● **Material provided**:
┌────────

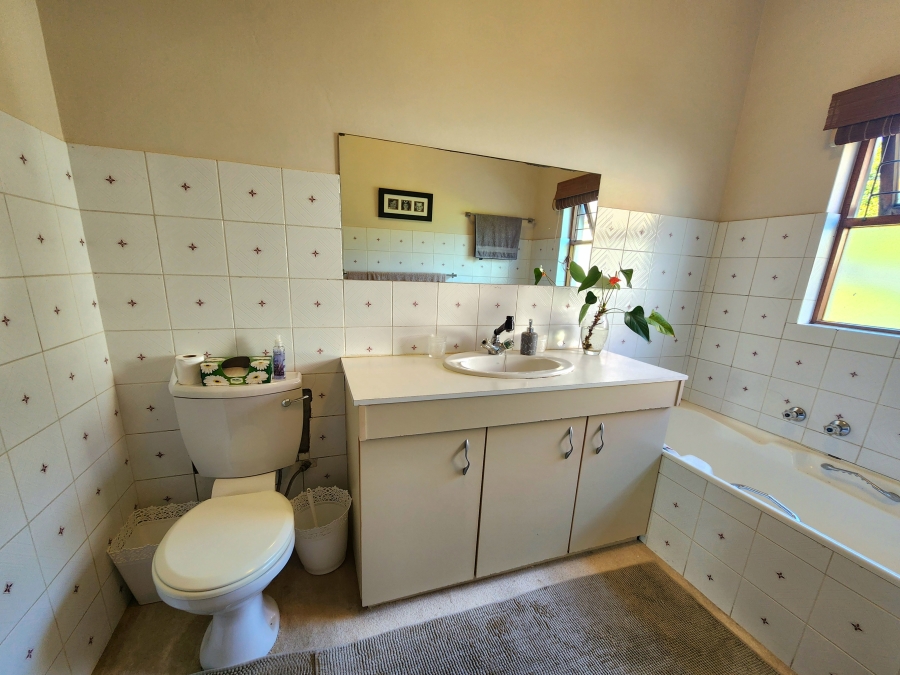4 Bedroom Property for Sale in Panorama Western Cape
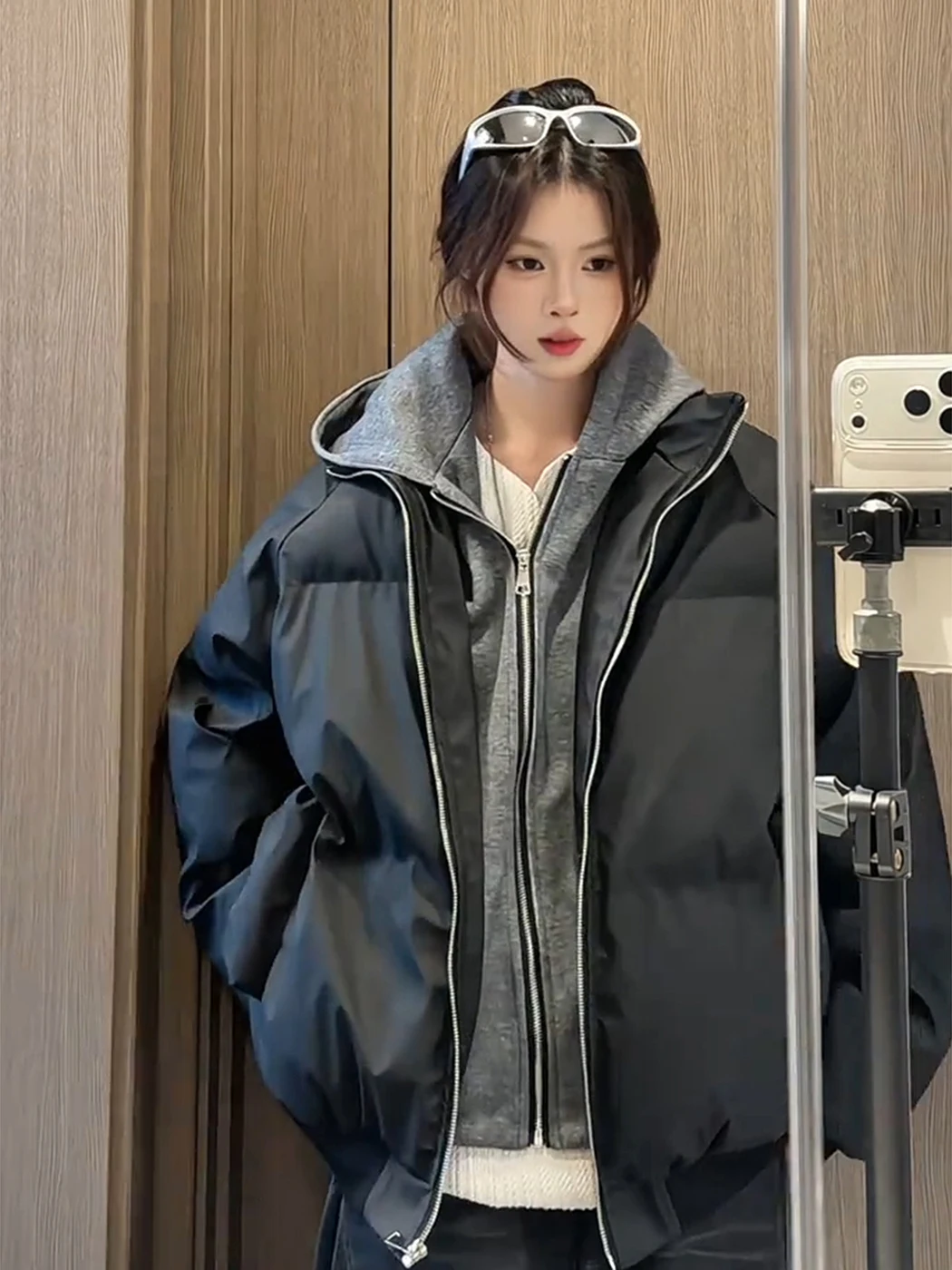 

Молодежная зимняя куртка из искусственной кожи с капюшоном, утепленное мужское пальто, верхняя одежда для пар, модная, с наполнителем из полиэфирного волокна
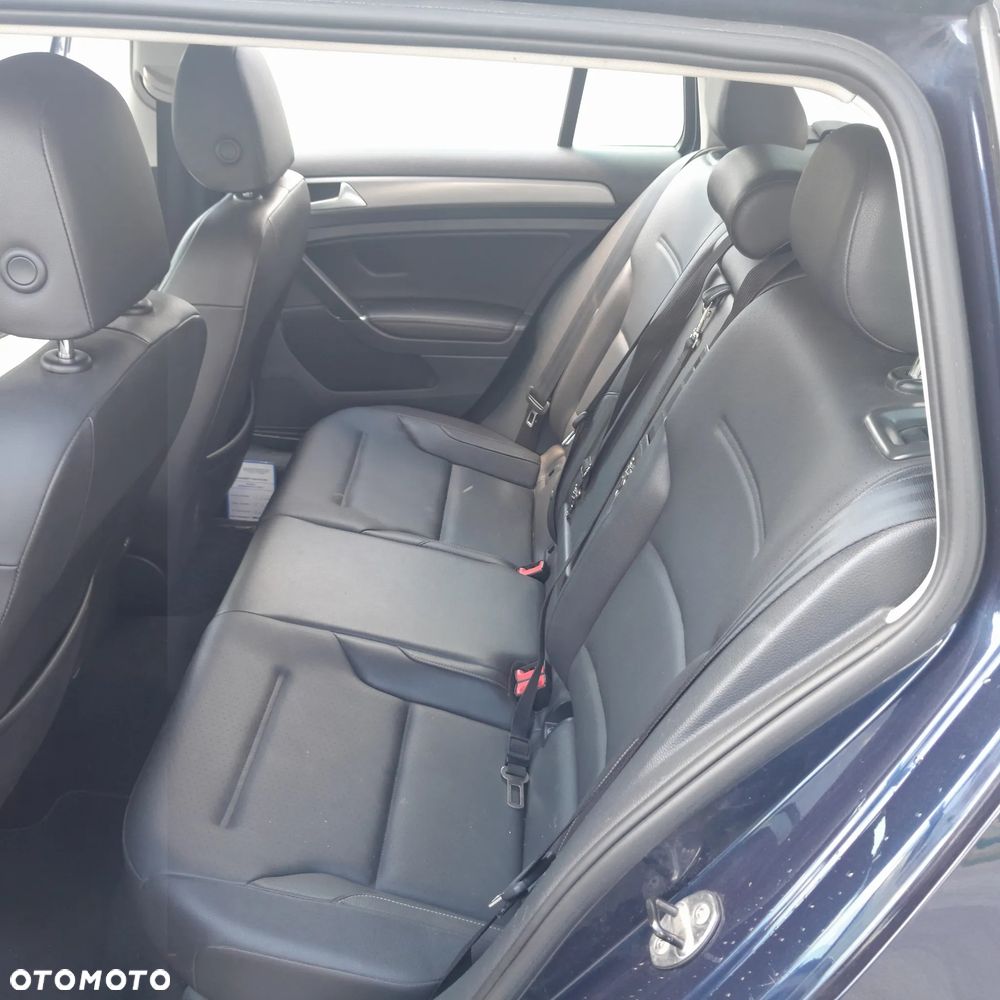 Volkswagen Golf - 9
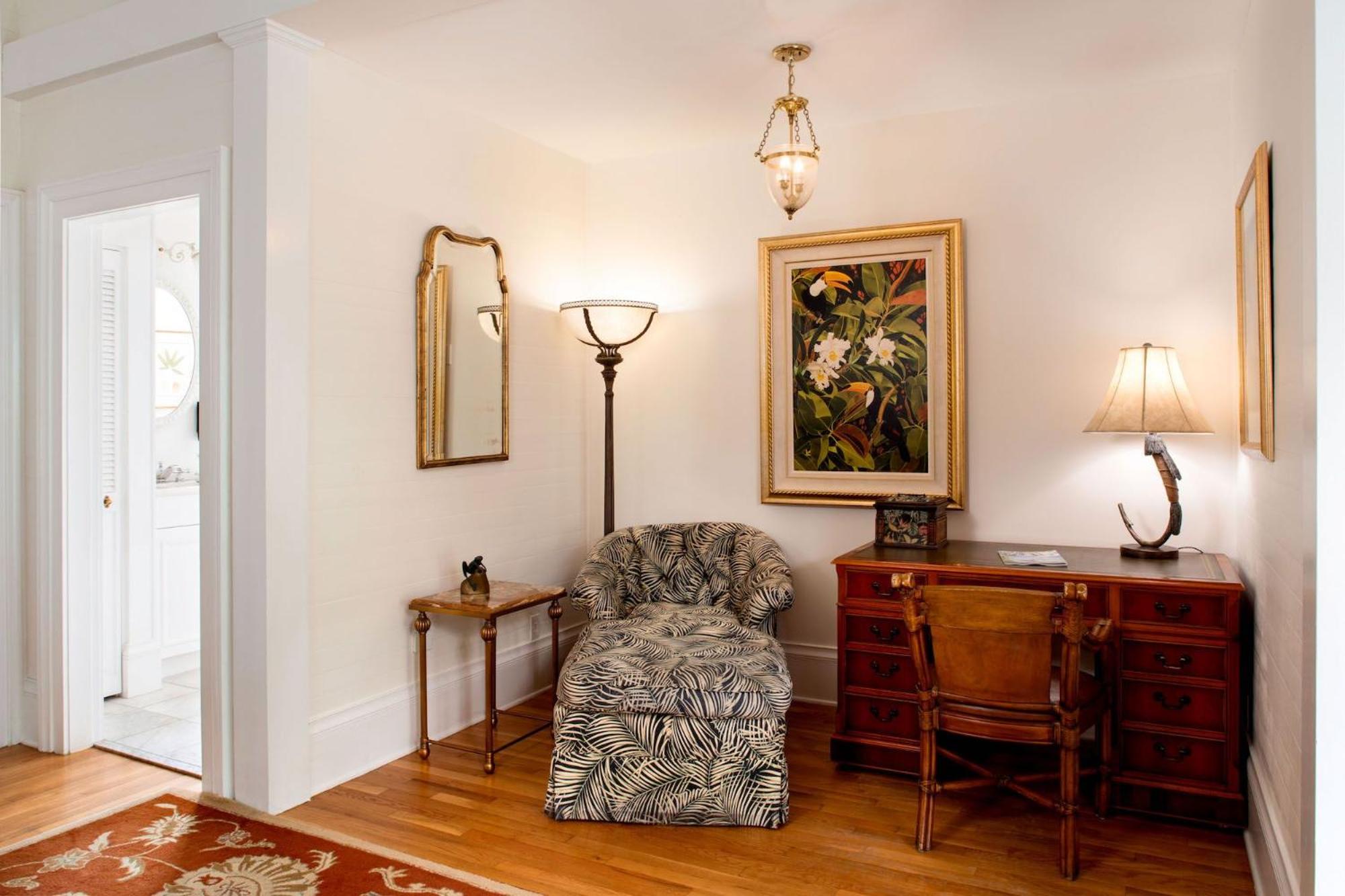 Master Suite with King bed - Photo 11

└────────

● **Assignment**: Print exactly the lines from the line with "Volkswagen Golf - 9" through the end of the data, both ends included, and print no pictures.

● **Exercise result**:
 Volkswagen Golf - 9
 Master Suite with King bed - Photo 11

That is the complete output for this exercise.